El presidente George W. Bush
insiste en que la violencia actual en Irak no es producto de una
guerra civil o de una insurrección popular. Pero la realidad es que
Irak nunca ha sido más peligroso que ahora para los 135 mil soldados
estadounidenses que se encuentran ahí. Las batallas en Falluja son
las más cruentas de la guerra.
Bush culpa de la violencia a un
pequeño grupo de fundamentalistas chiítas y de radicales sunitas que
buscan establecer su poder antes del traspaso del gobierno, de los
norteamericanos a los iraquíes, el próximo 30 de junio. Puede ser.
Pero se equivocan los que menosprecian la intranquilidad y el enojo
de los iraquíes ante la presencia del ejército de Estados Unidos.
Contrario a lo que el gobierno de Bush hubiera deseado, los soldados
norteamericanos no son vistos como liberadores ni recibidos con
flores.
Esto no es nuevo. A mí me tocó ver,
durante los primeros días de la guerra, la incomodidad de los
iraquíes cuando entraron las tropas estadounidenses al sur de Irak.
Los hombres iraquíes miraban al piso o le daban la espalda a los
tanques de Estados Unidos, como si no existieran. Dicha incomodidad
solo se acrecenta con la inevitable muerte de civiles iraquíes
durante la guerra -10 mil según los cálculos de Amnistía
Internacional- y con reportes de prensa como el del niño de seis
años, Haider Abdel-Wahab, quien perdió a su padre, a su madre y su
dos extremidades izquierdas cuando su casa fue bombardeada por
equivocación durante un reciente combate en Falluja.
Sí, es cierto, Irak tiene más
esperanzas sin Saddam Hussein en el poder. Sin embargo, a nadie le
gusta que un extranjero armado ocupe su casa y decida su futuro.

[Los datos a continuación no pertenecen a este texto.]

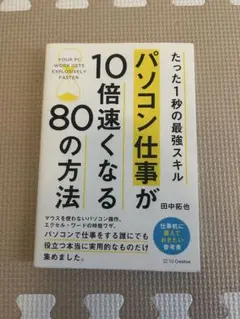 パソコン仕事が10倍速くなる80の方法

A 10 semanas del traspaso de poder
en Irak, aún no sabemos exactamente a quién se le entregará. “Pronto
lo sabremos” (“We'll find out that soon"), dijo Bush. Pero
incluso si se acepta el plan de nuevo gobierno de Naciones Unidas,
las autoridades iraquíes tendrán que responder y compartir su
autoridad con el embajador norteamericano en Bagdad y con el
comandante en jefe del ejército de Estados Unidos en Irak. Sería
ingenuo pensar que los nuevos líderes iraquíes serán totalmente
independientes de Estados Unidos. Y esa percepción de poder
compartido, aunque la ONU esté de por medio, no ayudará mucho a
calmar los ánimos en Irak.
Abril es negro, también, por lo que
ha descubierto la comisión investigadora del congreso norteamericano
sobre los actos terroristas del 11 de septiembre del 2001 (9/11).

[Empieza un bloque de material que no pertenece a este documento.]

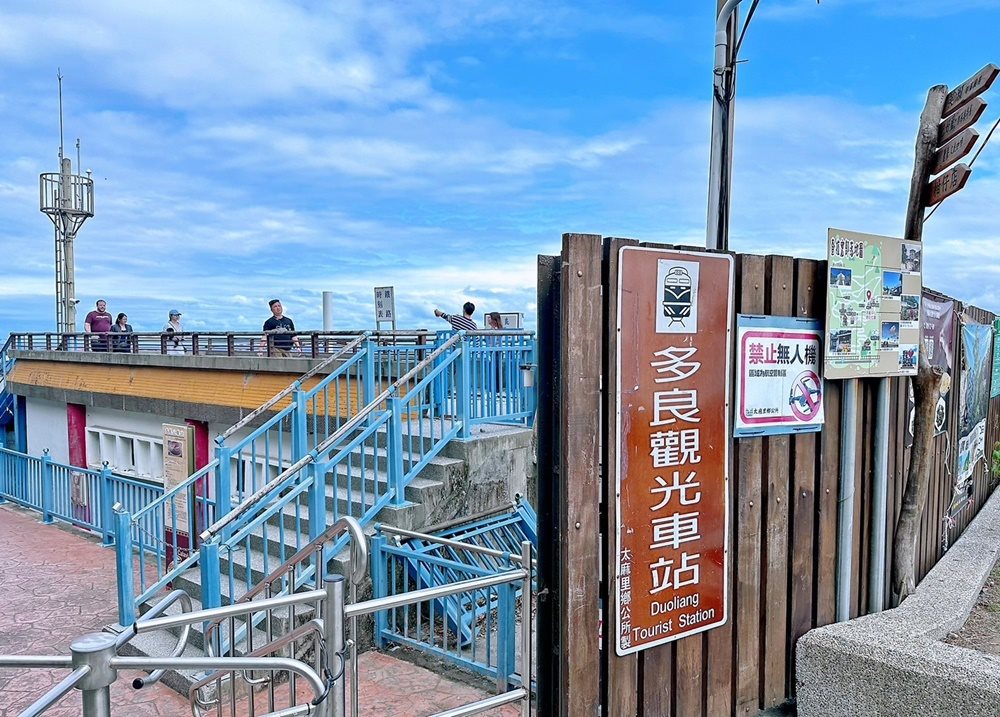 太麻里商圈2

Incluso antes de que den a conocer las conclusiones de sus
interrogatorios, ya hay muchas razones para tener miedo.
Nadie ha querido asumir la
responsabilidad. Todos se acusan entre sí. Pero es obvio que se
cometieron errores, y muy graves, antes de los ataques a las torres
gemelas de Nueva York y al Pentágono. El más grave de ellos fue, sin
duda, la falta de comunicación y coordinación entre la CIA, el FBI y
las otras 13 agencias de espionaje del gobierno.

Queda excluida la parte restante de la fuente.